Stefanie Brecklinghaus – vielen Essenern als Geschäftsfrau und Familienmitglied der angesehenen Kaufleute-Dynastie Brecklinghaus bekannt – tritt für die Alternative für Deutschland (AfD) an.

Mit der Ruhe ist es dann auch tatsächlich vorbei, nachdem die Rüttenscheiderin ihr Vorhaben öffentlich macht, für „meinen Stadtteil“ anzutreten, wie sie sagt. Im Internet hagelt es Kritik und Hohn, Brecklinghaus wird wegen ihrer AfD-Mitgliedschaft als „dumm“ beschimpft. „Diese braunen Socken von der AfD braucht keiner und sie gehören verboten“, quittiert einer das Vorhaben der 59-Jährigen. Und neben der lauten Kritik dürfte es auch viel leises Befremden geben.

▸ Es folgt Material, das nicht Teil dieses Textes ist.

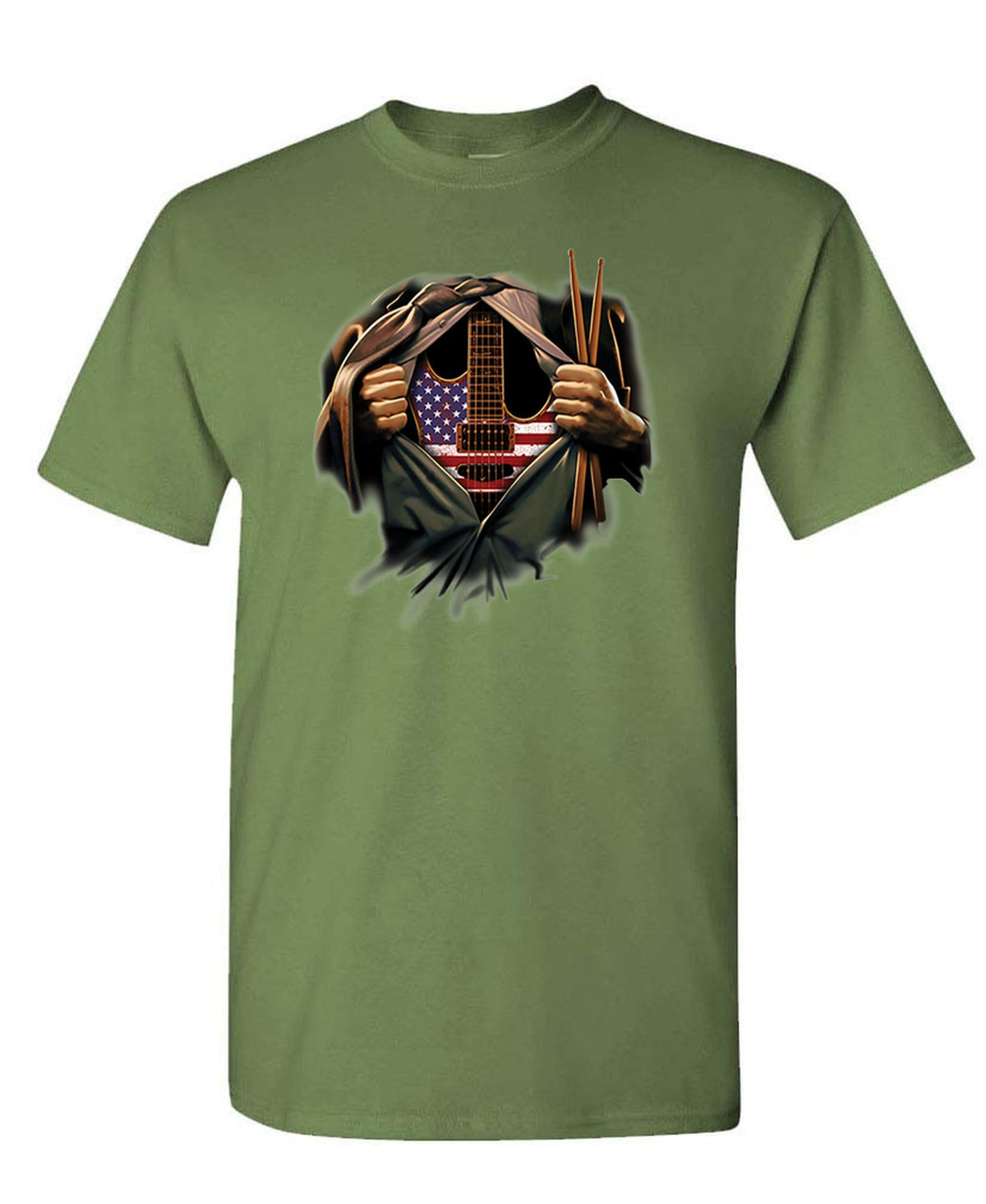 Guitar and Drums Torn Shirt — Military Green T-Shirt — front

Mit Anfeindungen wegen AfD-Mitgliedschaft gerechnet

Die Botschaften, die ihr Mut machen sollen, gibt es auch, aber es sind deutlich weniger. „Ich war entsetzt und überrascht zugleich“, gibt Brecklinghaus zu, obwohl sie durchaus auch mit Anfeindungen gerechnet habe.

Umso mehr drängt sich die Frage auf, welche Motivation jemand mit einem gewissen lokalem Bekanntheitsgrad hat, sich öffentlich zur AfD zu bekennen, wenn damit zu rechnen ist, fortan von vielen geschnitten zu werden?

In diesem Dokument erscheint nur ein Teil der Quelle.